- Assignment
Transcribe the listing below exactly, without pictures.

- Given data
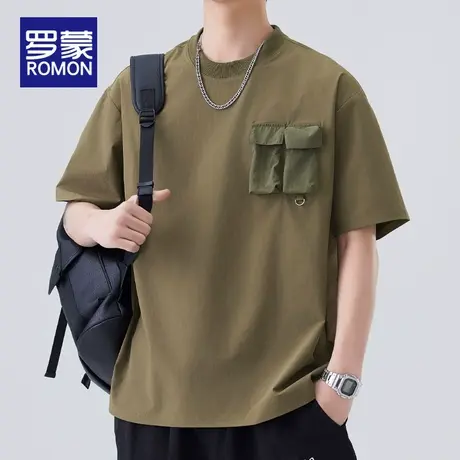 罗蒙男士短袖t恤夏季薄款宽松2025新款潮牌休闲运动打底上衣男款商品大图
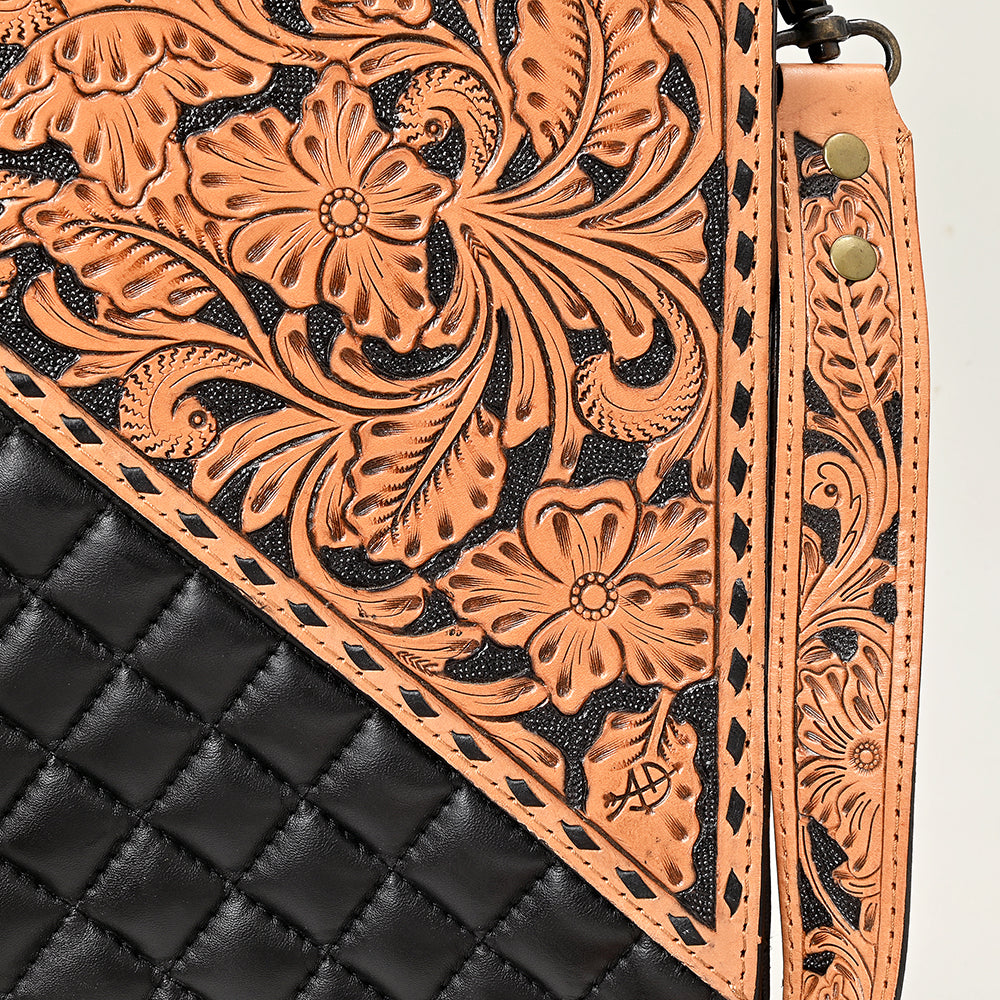 American Darling Tote Quilted Hand Tooled Genuine Leather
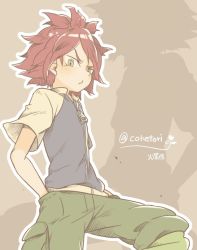 Rule 34 | 1boy, bad id, bad pixiv id, hands in pockets, inazuma eleven, inazuma eleven (series), jacket, looking at viewer, looking down, male focus, nagumo haruya, red hair, shorts, simple background, solo, ticktack chicken, twitter username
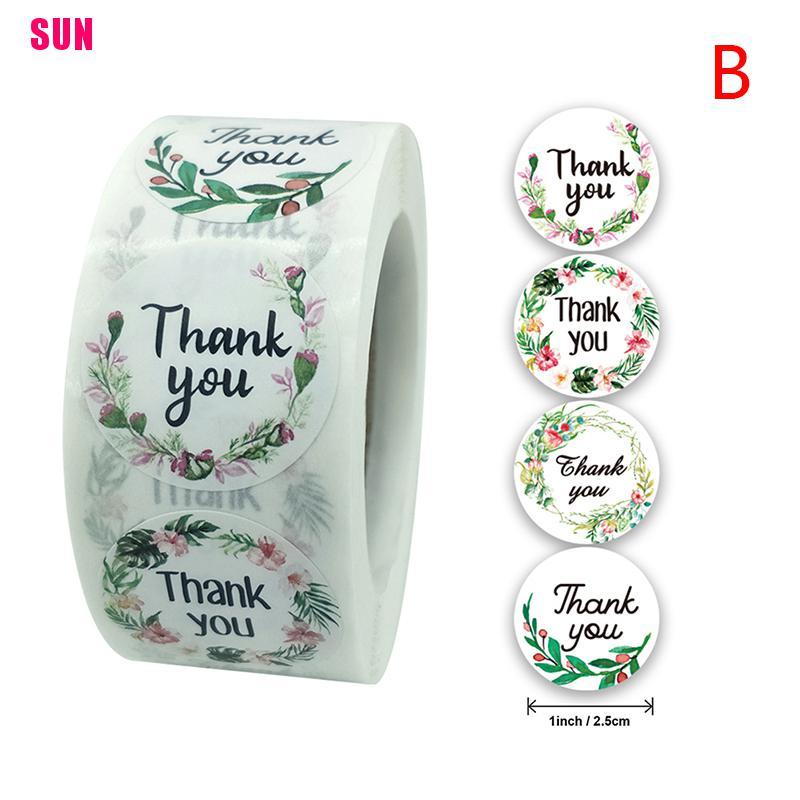 500pcs / Roll Stiker Label Segel Desain Thank You Untuk Alat Tulis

- Exercise result
 罗蒙男士短袖t恤夏季薄款宽松2025新款潮牌休闲运动打底上衣男款商品大图
 American Darling Tote Quilted Hand Tooled Genuine Leather
 Rule 34 | 1boy, bad id, bad pixiv id, hands in pockets, inazuma eleven, inazuma eleven (series), jacket, looking at viewer, looking down, male focus, nagumo haruya, red hair, shorts, simple background, solo, ticktack chicken, twitter username
 500pcs / Roll Stiker Label Segel Desain Thank You Untuk Alat Tulis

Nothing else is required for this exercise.